Mais c’est, sans doute, aller déjà beaucoup trop loin. Car ce qui fascine, lorsqu’on s’intéresse à la physique, c’est de voir à quel point, au final, elle exerce son génie sur n’importe quoi, ou plutôt sur ses sempiternelles erreurs. Il n’est pas question de lui dénier son utilité, ses avancées, ses applications, ni ses faramineuses réussites. Mais ses succès reposent sur une vision d’un monde qui, par définition, restera dans sa concrétude à jamais mille milliards de fois plus complexe que nos théories, plus infini que notre capacité à saisir le réel. Le réel, on pourrait précisément le définir, si on le voulait, comme ce qui échappe incessamment à l’esprit.
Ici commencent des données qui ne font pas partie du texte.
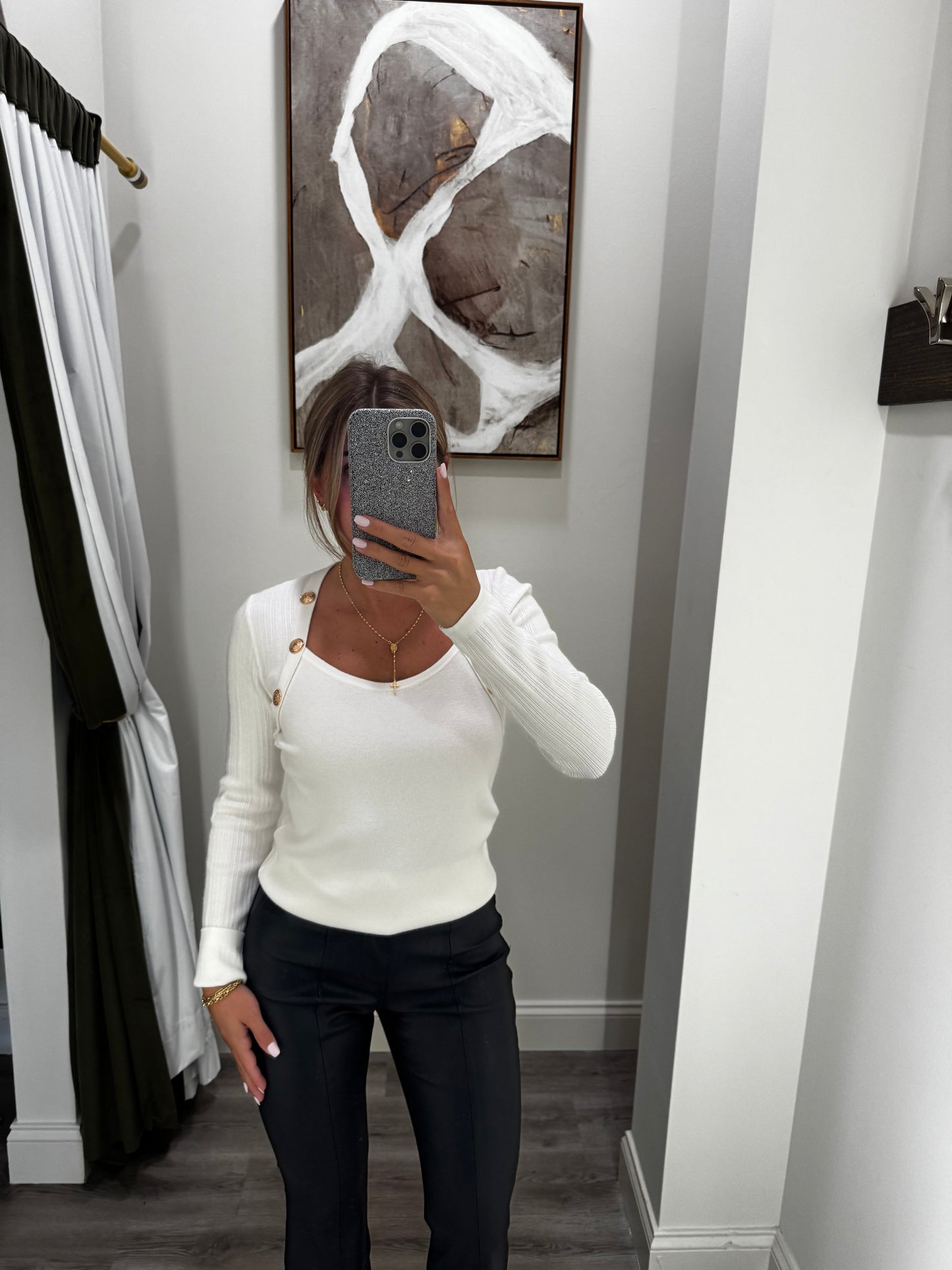 Knit Gold Button Top - White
A l’esprit humain et à ses bornes, à ses limites, à ses subtilités pourtant vertigineuses. La physique parvient à faire des trouvailles, à permettre des inventions, et parfois à proposer des modèles qui bizarrement se trouvent satisfaisants. Cependant, même si la théorie de la relativité générale, pour donner un exemple célèbre, semble avoir entériné, pour longtemps (mais « longtemps » ne signifie rien d’autre que « jusqu’à la prochaine fois ») l’idée que toute masse modifie l’espace-temps alentour en le courbant, et même si nous avons pu expérimentalement constater la validité de cette explication, à aucun moment il n’est possible d’affirmer que cela correspond, que cela se confond, que cela est la réalité.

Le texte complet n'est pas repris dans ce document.